Gary was hailed as one of the next big things, and when he broke into the team in the early two thousands you could see there was talent there. Not the biggest, he played with a cut and thrust, with a cockiness and an arrogance that suggested bigger things were to come.
I’ve never been more certain that we had some talent on our hands (and been that wrong) as after we demolished Mansfield Town 4-1 in March of 2001. Brian Little had been sacked harshly as we’d drifted to the edge of the play off places, and Billy Russell saw us home until the end of the season. The win that night temporarily re-ignited the hope that we’d push to go up again and Bradshaw scored a cracker and was the chief tormentor of the opposition that day.
Unfortunately he also limped off with a hamstring injury, and we’d “Typical City” the rest of the season, winning a grand total of zero games and sinking back to mid-table obscurity. Tubby Scando Jan Molby wasn’t a fan the next year and he barely featured, then he was loaned to Scarborough shortly after Peter Taylor had arrived, so he presumably agreed with the sausage legged, short filler.
A career in non-league football ensued, and he did pretty well by the by. Helping Ferriby as they climbed the leagues and always scoring goals. I’m sure local fans would know just why Bradshaw never made it, but he actually got taken back to the football league with Cheltenham in 2005, however it was short lived, indeed he was sent off on his debut. If you just saw him that night in 2002 though, you’d be utterly perplexed as to why he didn’t play higher.
5. Ben Morley
Speaking of small sample sizes. Here’s Ben Morley, who in an era where “being alive” might have got you a game, he became one of the most unlikely success stories, overnight and then in the blink of an eye, it was gone.
Given his debut by skullet headed Mark Hateley, Ben played mainly in a wide role. He wasn’t yet 17 on his debut at Hartlepool in 1997. We didn’t have the proverbial container to urinate in during this era so youth players were frequently the only option we had.
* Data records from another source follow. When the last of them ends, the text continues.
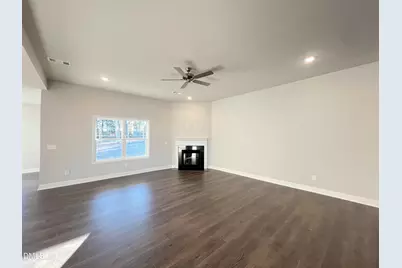 3951 Fletcher Road #Lot 172, Bailey, NC 27807 - Photo 12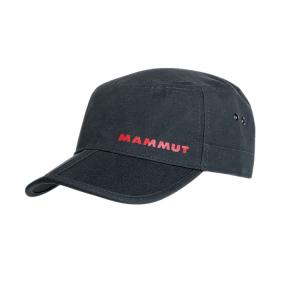 Quality Custom Printed Logo Womens Five Panel Hat , Promotional Products Hats wholesale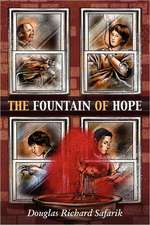 The Fountain of Hope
Then came Ben’s big moment, I think (and I could be wrong) we pushed him into more of a striker’s role against Luton Town who were a division and infinite points ahead of us in the FA cup, in November of 1999. He responded with an absolutely belting goal in a highly entertaining win that day and City would go on to play Premier League topping Aston Villa in the next round.
I think then in the pure need to survive that season Ben didn’t really fit the bill. Warren Joyce brought in big Colin Alcide and played the underrated David Brown off him, subtle we weren’t… but it worked and we stayed up in a story you all know very well.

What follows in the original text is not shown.